Redundant server configuration in SCADA systems - Time & Space Complexity
When setting up redundant servers, it is important to understand how the time to configure them grows as you add more servers.
We want to know how the work increases when the number of servers increases.
Analyze the time complexity of the following code snippet.
for server in server_list:
configure_network(server)
deploy_services(server)
verify_status(server)
This code sets up each server by configuring its network, deploying services, and then checking its status.
Identify the loops, recursion, array traversals that repeat.
- Primary operation: Looping through each server in the list.
- How many times: Once for each server in the server_list.

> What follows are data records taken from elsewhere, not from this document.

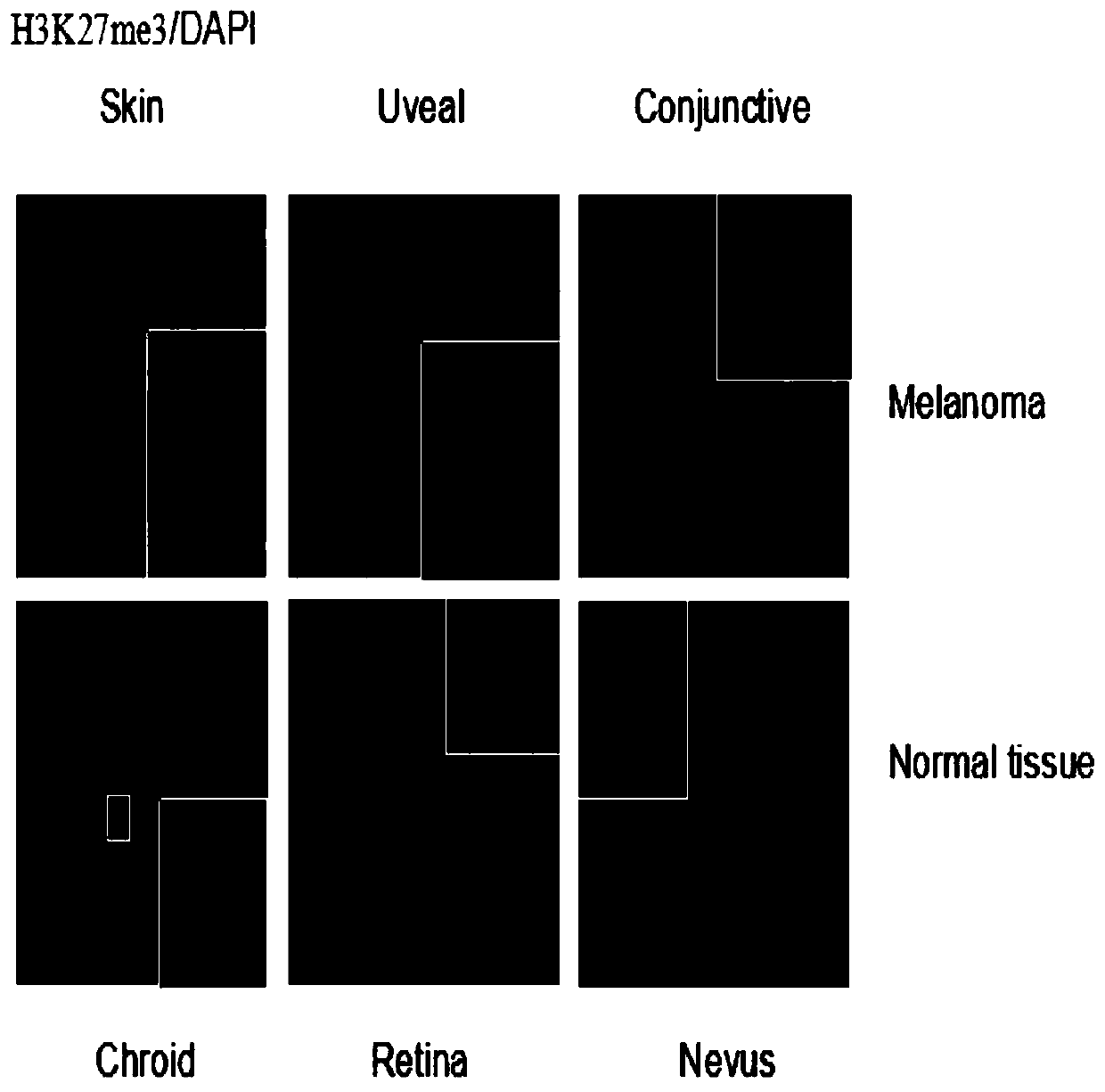 Application of ezh2 inhibitor compound in preparation of medicament for treating ocular melanoma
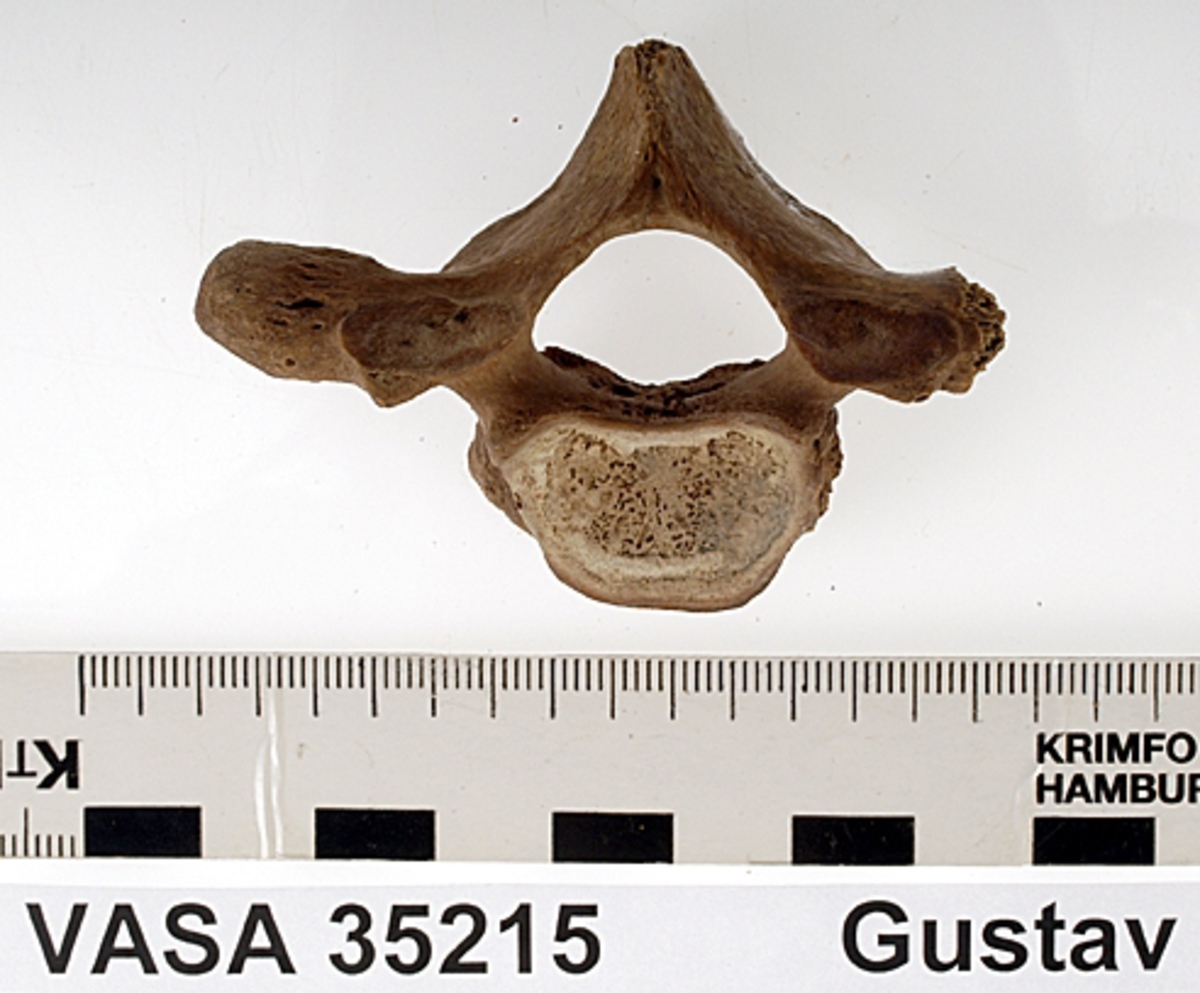 Bröstkota nr 1. I gott skick.
Vertebra Thoracicae no 1.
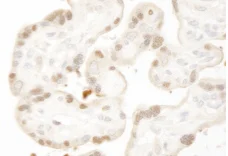 Immunohistochemistry (Formalin/PFA-fixed paraffin-embedded sections) - Anti-MST1/MST2 antibody (AB87322)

As you add more servers, the total work grows in direct proportion to the number of servers.
| Input Size (n) | Approx. Operations |
|---|---|
| 10 | 30 (3 steps per server x 10 servers) |
| 100 | 300 (3 steps x 100 servers) |
| 1000 | 3000 (3 steps x 1000 servers) |
Pattern observation: The total work increases evenly as you add more servers.
Time Complexity: O(n)
This means the time to configure servers grows linearly with the number of servers.
[X] Wrong: "Adding more servers will only take a little more time, almost the same as one server."
[OK] Correct: Each server requires its own setup steps, so time adds up directly with each new server.
Understanding how tasks grow with input size helps you plan and explain system setups clearly and confidently.
"What if the configuration steps themselves included loops over components inside each server? How would the time complexity change?"